Примечания, библиографию, хронологическую таблицу,
список сокращений смотрите в печатном издании книги

 

 

 

Пролог к комедии, с которого снято бремя сценической экспозиции (Ad. 22-24), Теренций делает носителем литературной мысли. Литературно-критические дискуссии — достояние словесности «сотворенной, не рожденной»; в Риме это видно и на примере Акция. Так прологи Теренция отражают одновременно и недавнее совершеннолетие писательского эстетического понимания, и наличие достаточно искушенной публики. Конечно, не стоит ожидать однородности и постоянства: зритель, которого могут отвлечь канатный плясун или гладиаторские игры, конечно, не тот самый, для кого Теренций обсуждает литературные проблемы.

Удельный вес образованной публики становится различим в самой защите Теренция от упреков в недостаточной оригинальности (Haut., Phorm., Нес.). В качестве заслуги выставляется то, что на римскую сцену попали не переведенные до сих пор пьесы или пропущенные предшественниками сцены; непростительным считается использование латинских или — что трудно отличить — уже использованных греческих образцов.
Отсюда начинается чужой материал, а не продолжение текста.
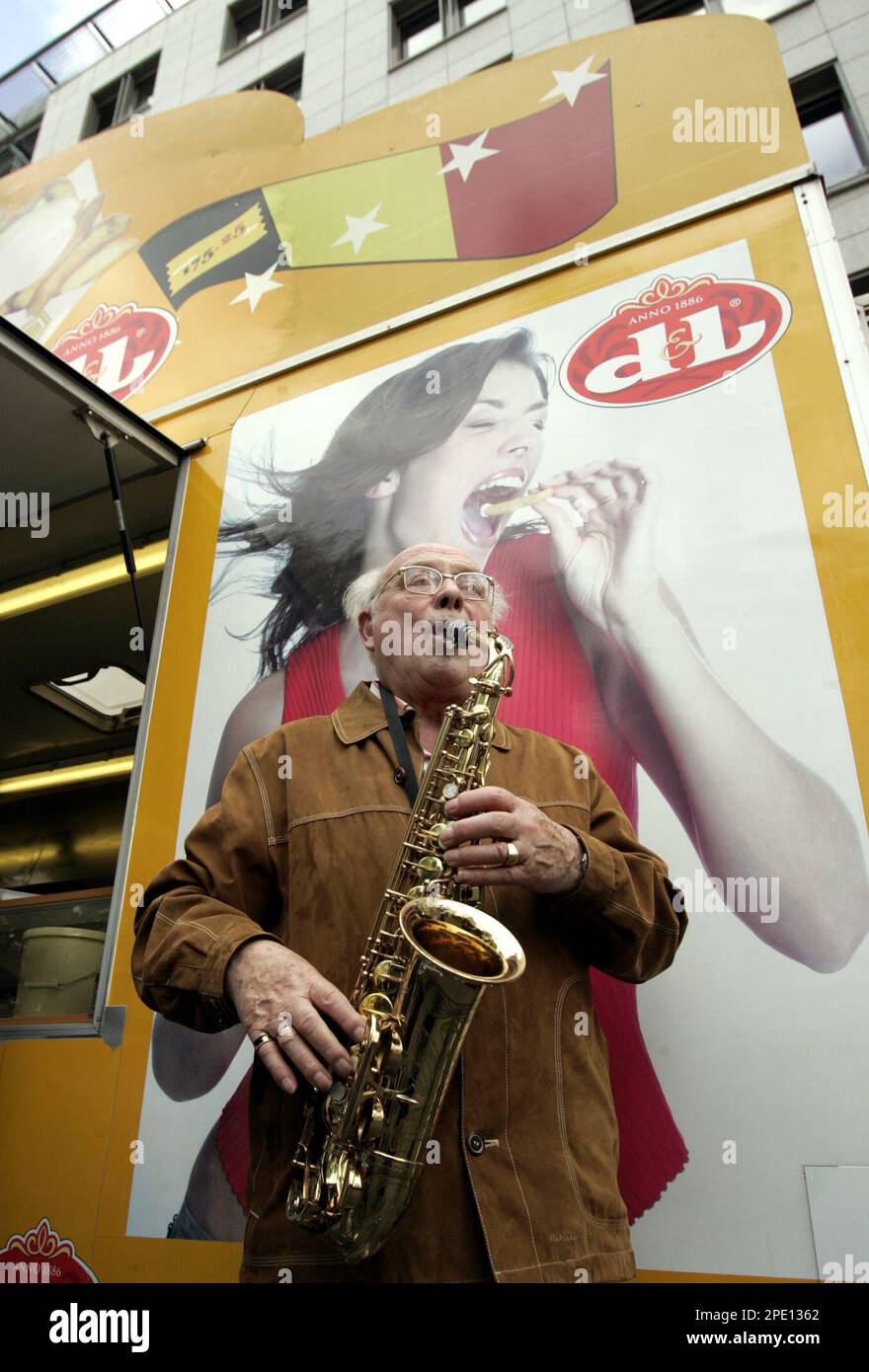 A man plays his saxophone next to a frituur stand during an attempt at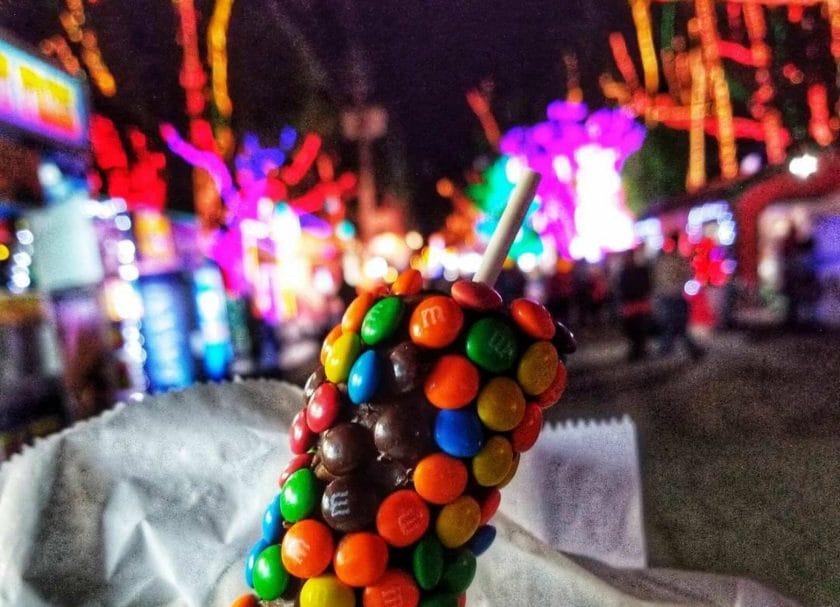 Shows candy on a stick with the boardwalk in the background, Santa's Enchanted Village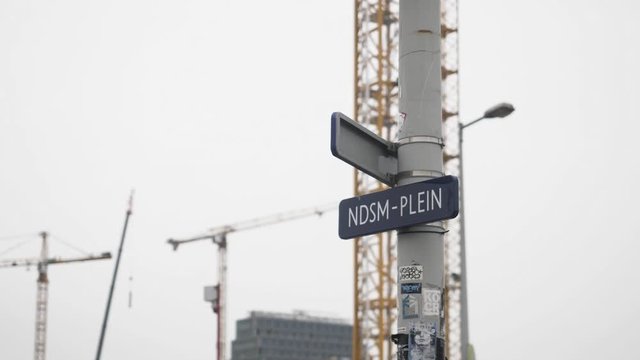 A few cranes and a sign of the NDSM plein. This is a big booming building site in Amsterdam.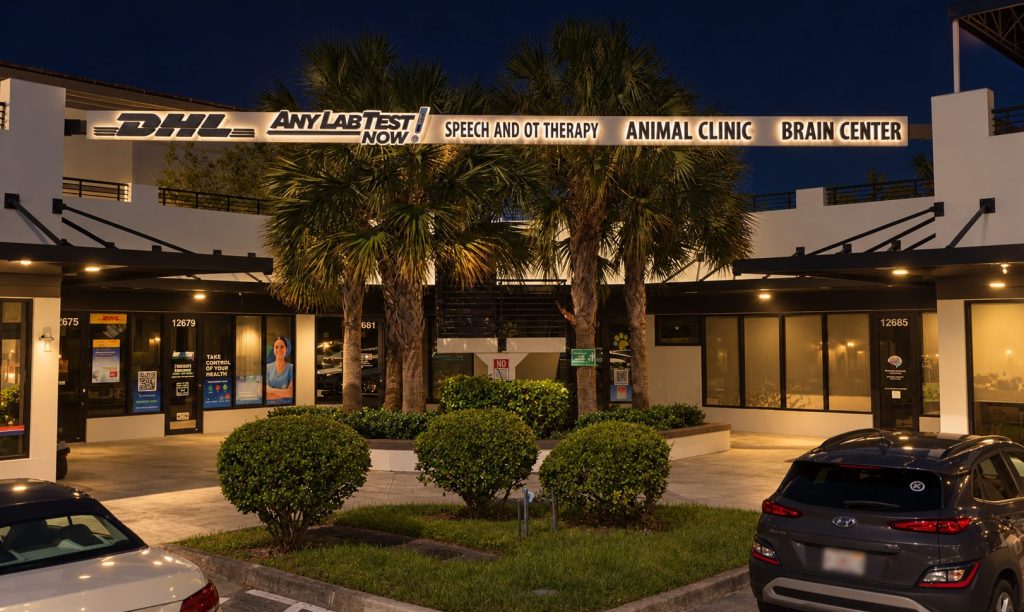Shopping plaza storefronts at night with illuminated channel letter signs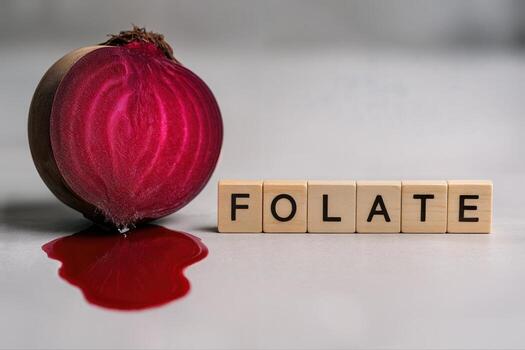 Nutrient Rich Beetroot Sliced with Folate Text Displayed, Highlighting Health Benefits and Nutritional Value in a Vibrant and Engaging Composition for Healthy Lifestyle Themes photo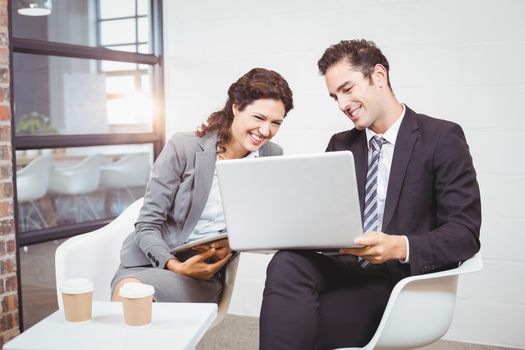 Cheerful business people using technology while discussing at office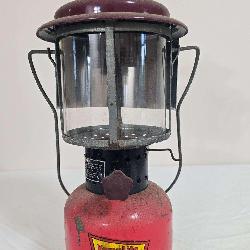 Vintage KampLite No. KFL-2 pressure lantern with red painted fount, dark maroon ventilator, clear glass globe and black wire frame/bail assembly. Shows paint loss, oxidation and general age-related we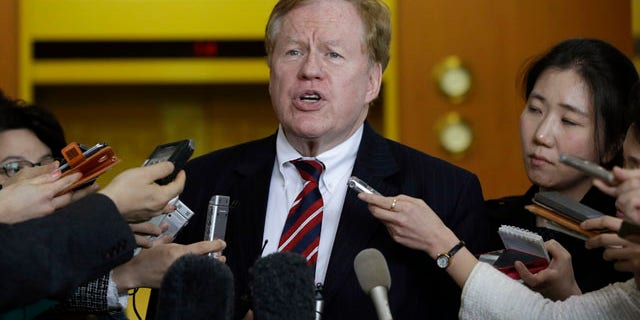 FILE - In this April 7, 2014, file photo, U.S. special envoy for North Korean human rights issues Robert King answers reporters' questions at the Foreign Ministry in Seoul, South Korea. (AP Photo/Lee Jin-man, File)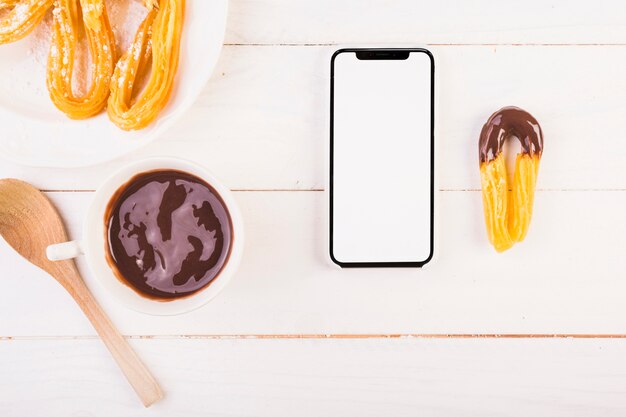 Смартфон на кухонном столе с десертом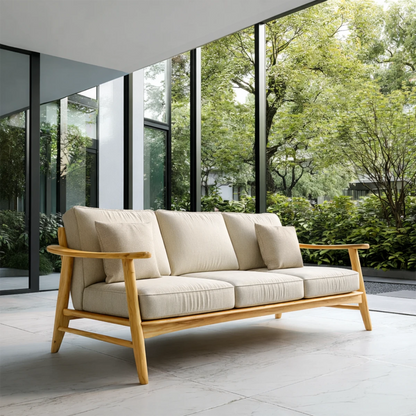 Bright interior showcases a fabric sofa with natural wood frame and balanced minimalist proportions
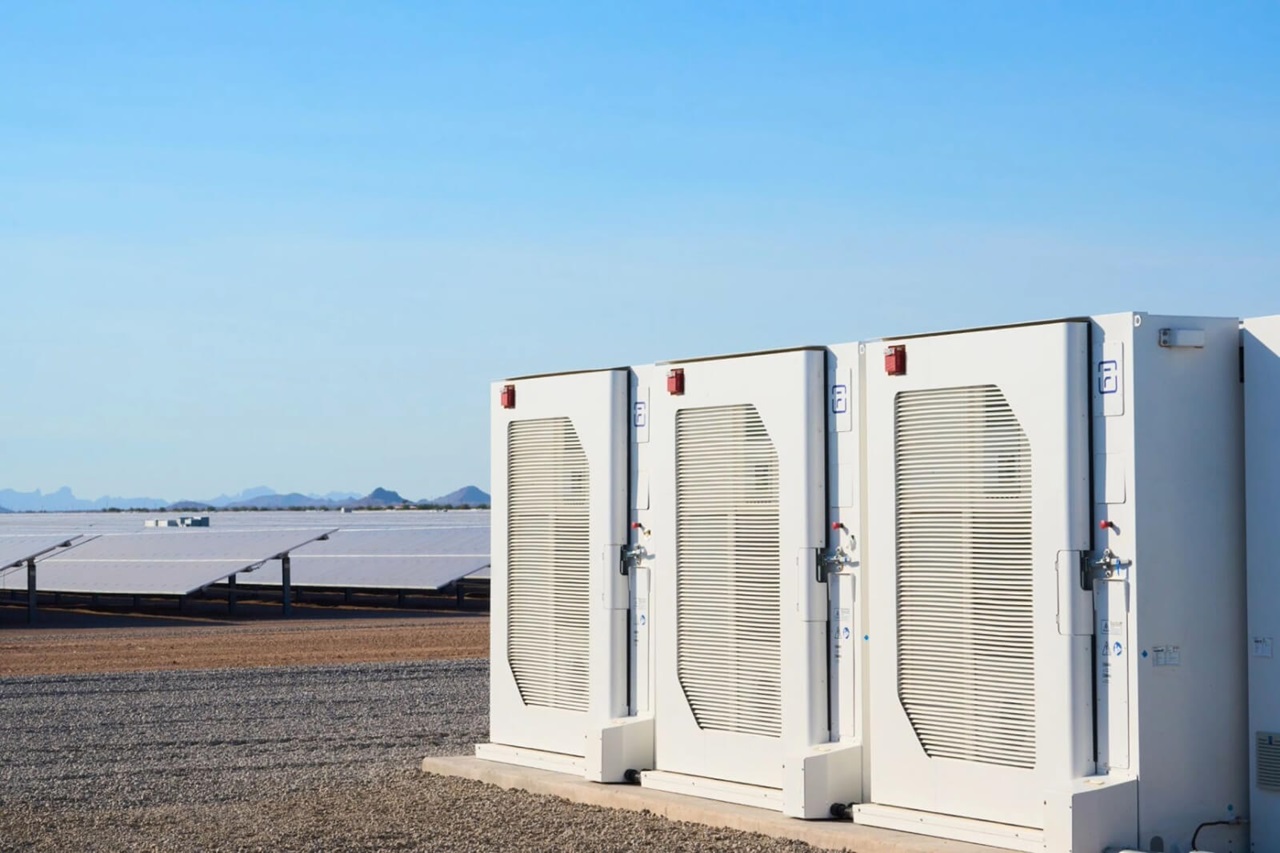 Three energy storage units positioned beside a solar panel array under a clear blue sky.
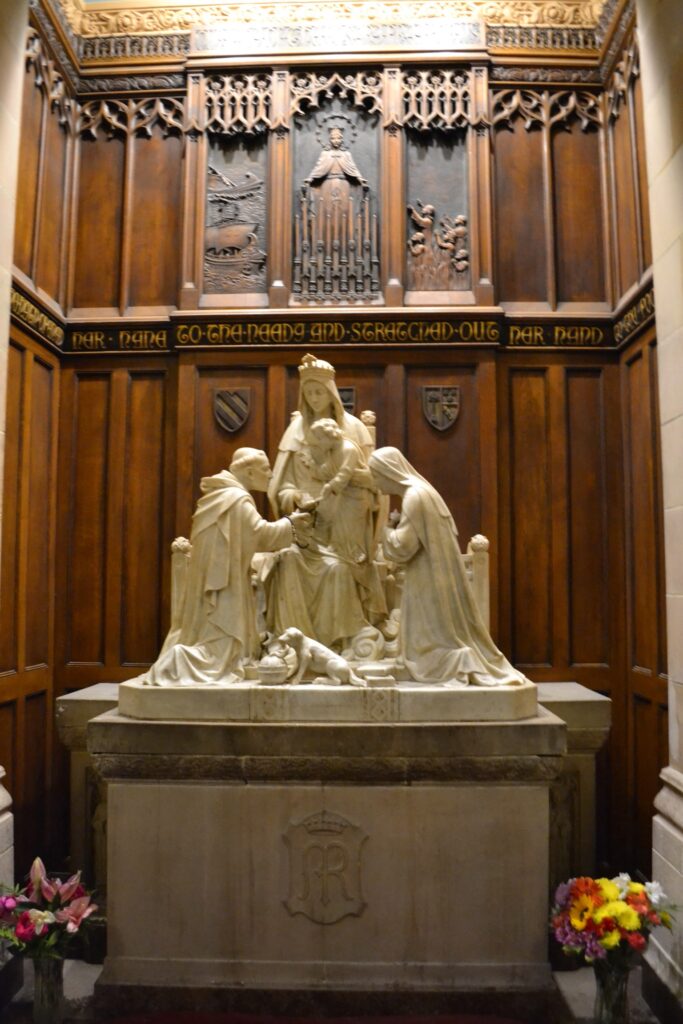 Statue of Mary with Jesus on her lap and two Saints by her side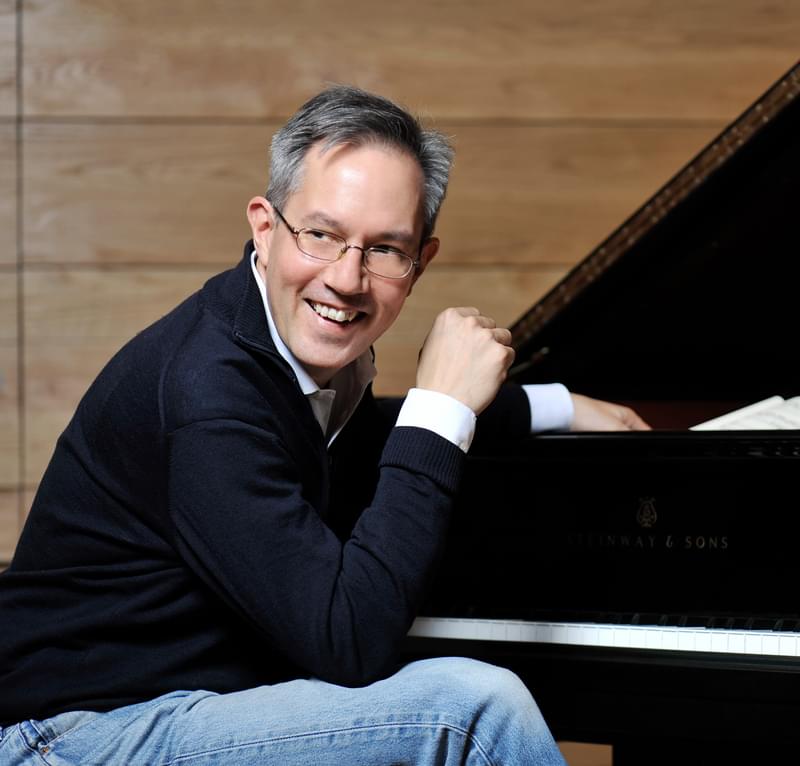 William Fong sits at a piano, looking off camera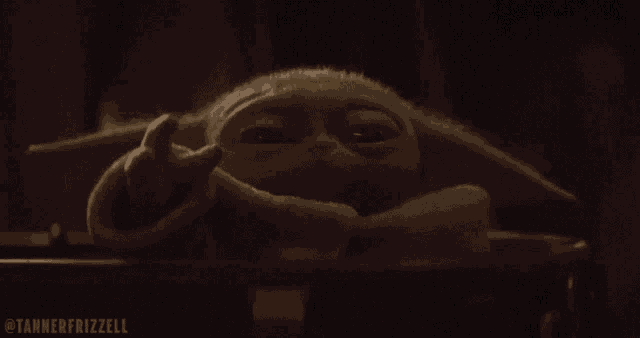a close up of a baby yoda laying in a crib .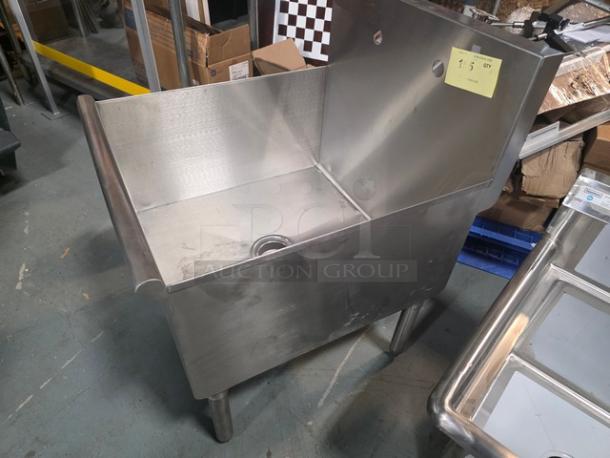 Commercial stainless steel utility sink, single compartment, freestanding, with backsplash. Visible wear, includes a drain.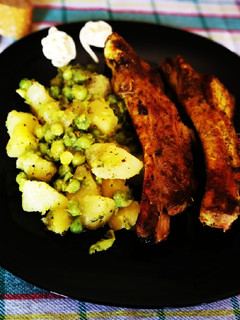 Una foto de Costillas de cerdo en adobo con patata y guisantes salteadas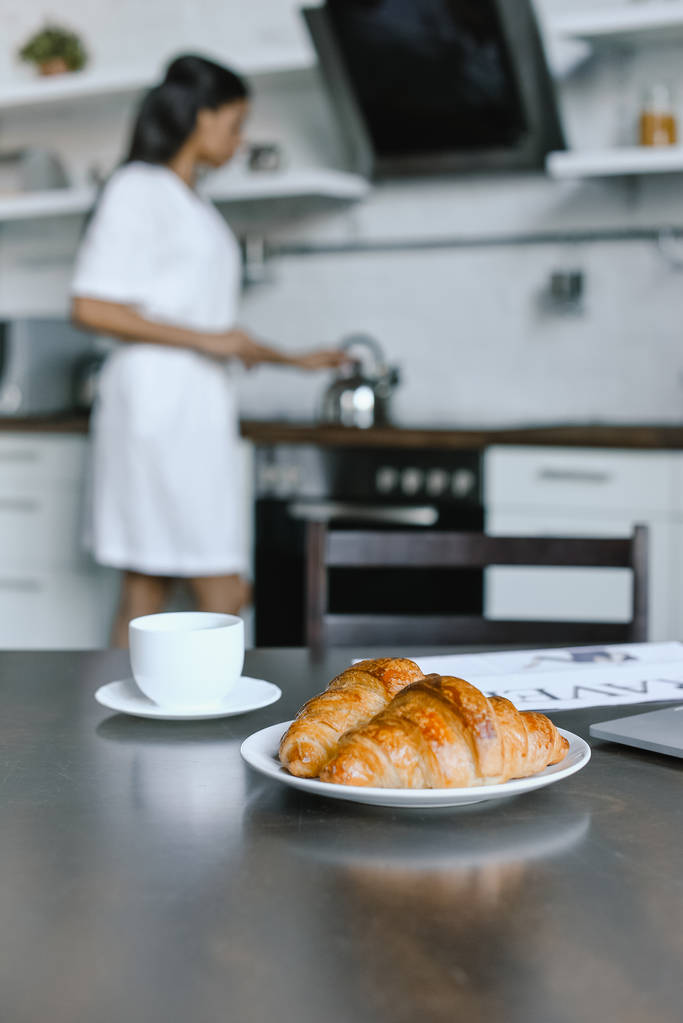 menina de raça mista em roupão branco colocando chaleira no fogão de manhã na cozinha, croissants em primeiro plano
 - Foto, Imagem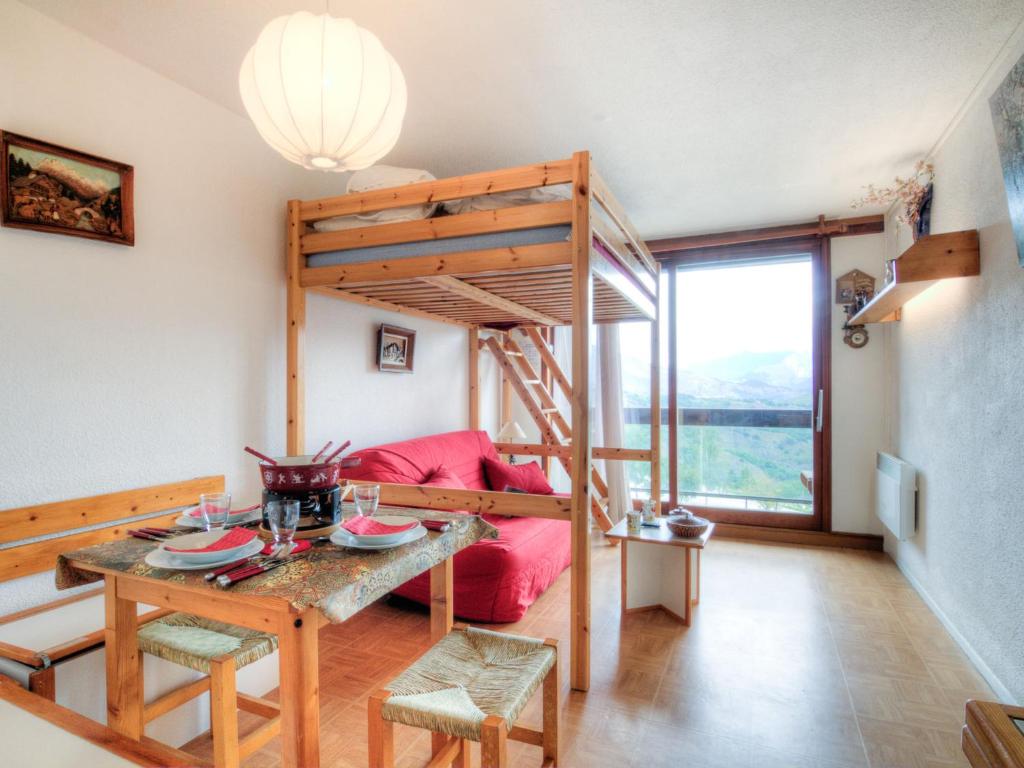 Sala de estar con cama elevada y mesa en Apartment Pegase Phenix-55, en Le Corbier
В древности принято скорее скрывать собственные находки: Теренций подчеркивает в прологе к Девушке с Андроса свою зависимость от менандровской Perinthia; он молчит о том, что самостоятельно заменил в первой сцене жену вольноотпущенником. Таким образом внесенные изменения больше, чем он сам признает. Его ложная скромность заходит и еще дальше: абсурдное — но понятное в сословно организованном обществе — обвинение, что его знатные друзья были для его пьес подлинными авторами или по крайней мере соавторами, на гений которых он полагается (Haul. 24), Теренций отводит не без юмора: он усматривает в нем комплимент (Ad. 15-21).

Прежде всего, однако, в прологе говорит зрелое художественное самосознание. Теренций обосновывает здесь свои поэтические взгляды. Как позднее в горациевых Посланиях, «современный» автор вооружается против «старой» школы (Andr. 7). Уже есть римская литературная традиция, перед которой должна предстать на суд современная литература.

Теренцию приходится доказательно защищать свой простой, стройный стиль — новшество в латинской литературе — от обвинений в сухости и бессилии (Phorm. 1-8). И наоборот, он клеймит неуклюжесть, трагическую высокопарность и оторванность от жизни «старого поэта», напавшего на него — Лусция из Ланувия (расцвет ок. 179 г. до Р. X.).

В выборе и восприятии материала Теренций оказывается на высоте эллинистической культуры. Он считает, что может требовать от публики способности оценить по достоинству спокойные и серьезные пьесы, не превращая театр в учреждение по исправлению нравов; он насмехается над прочими комическими поэтами, которые с помощью дешевых эффектов — карикатурных типов и оживленных сцен вроде неизбежного «бегущего раба» — состязаются за благосклонность публики и лишь доводят актеров до изнеможения. Он предлагает разговорный театр (таков смысл его выражения pura oratio, доcл. «чистая речь»: Haut. 46); конечно, достаточно оживленные эпизоды у него не являются такой редкостью, как можно было бы себе представить, исходя из его рассуждений.